Am Freitagabend zeigten die beiden öffentlich-rechtlichen Fernsehanstalten jeweils eine Dokumentation über Serienmörder, von Georg Stefan Troller und von Gero von Boehm. Alle diese Dokumentarfilme tragen nichts zur Erklärung bei. Sie dokumentieren ähnliche Bluttaten und sagen uns nur: Das geschieht immer wieder. Sie sagen zugleich: Wir können unseren Schrecken nicht anders abarbeiten als in dieser erinnernden Serialisierung einer Tat, die selbst die Serie der Tötungen wählte, um einen furchtbaren Hass zu erschöpfen und damit das ganze eigene Leben. Aber die Gleichgültigkeit, mit der diese Boten des Todes so völlig unschuldige Menschen abschießen, sollten wir nicht mit der gleichen Gleichgültigkeit gegenüber den Tätern beantworten. Jede Geschichte ist trotz vieler Ähnlichkeiten anders, und zuletzt sind es jeweils andere Vorbilder, die der undenkbaren Tat ihre Form abtraten.
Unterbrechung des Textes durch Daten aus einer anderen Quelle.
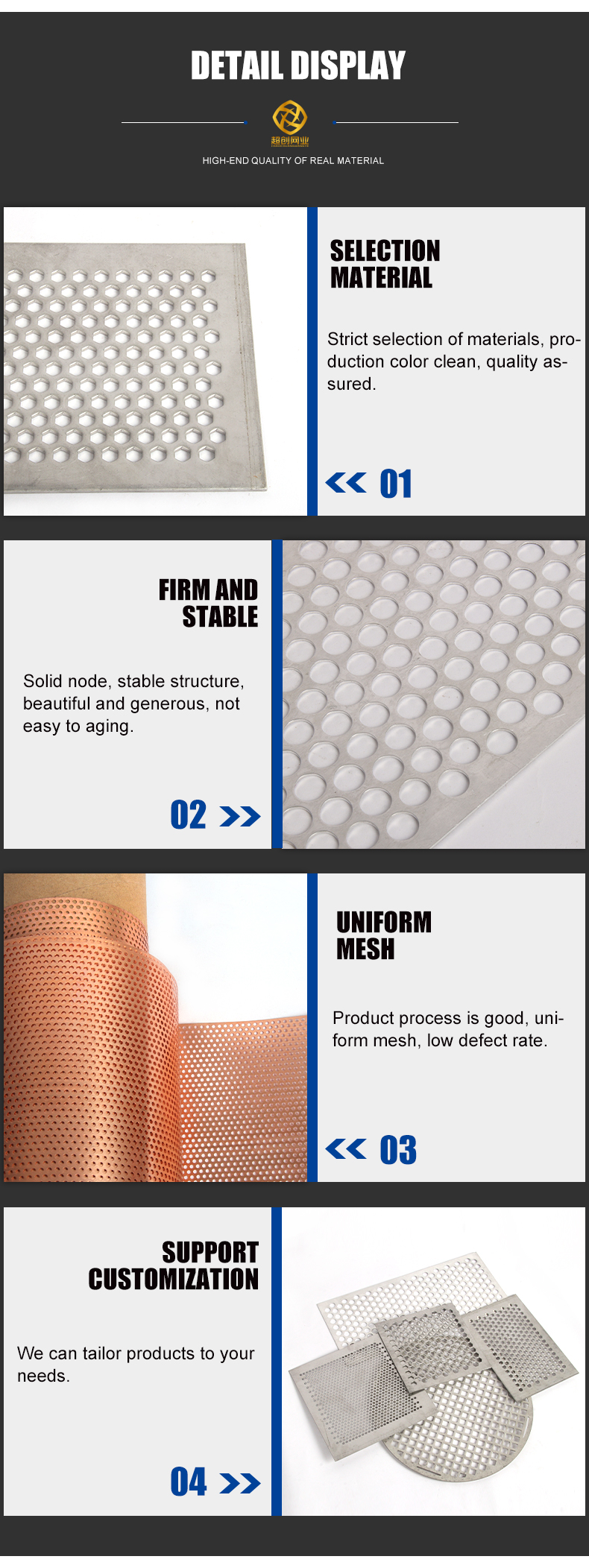 High Quality Brass Perforated Coil Screen Mesh, Round Hole Perforated Metal Sieve Coil From China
Dass zumal Schüler und Studenten Verzweiflungstaten begehen, wenn Prüfungen misslingen, das kennt man. Früher hat man noch das Erziehungssystem beschuldigen können, grausame oder sadistische Lehrer, wenn Schüler ihrem Leben ein Ende setzten. Heute ist die Schule in einem Maße befriedet, dass Gewalt nur noch auf Seiten der Schüler vorzukommen scheint. Keine Lehrerhand gleitet mehr aus, kein Rohrstock wird mehr geschwungen, es werden sogar eigens Schulgewalten erfunden, wie der "Leistungsdruck", um die Schüler auch davon noch zu befreien. Aber Friede scheint nicht eingekehrt zu sein. Durch unsere Gesellschaft geistert eine fiktive Zahl von möglicherweise 150 000 gewaltbereiten Schülern. An dieser Zahl hat die Paranoia, die uns stets erfasst, wenn schlimme Dinge geschehen, mitgerechnet.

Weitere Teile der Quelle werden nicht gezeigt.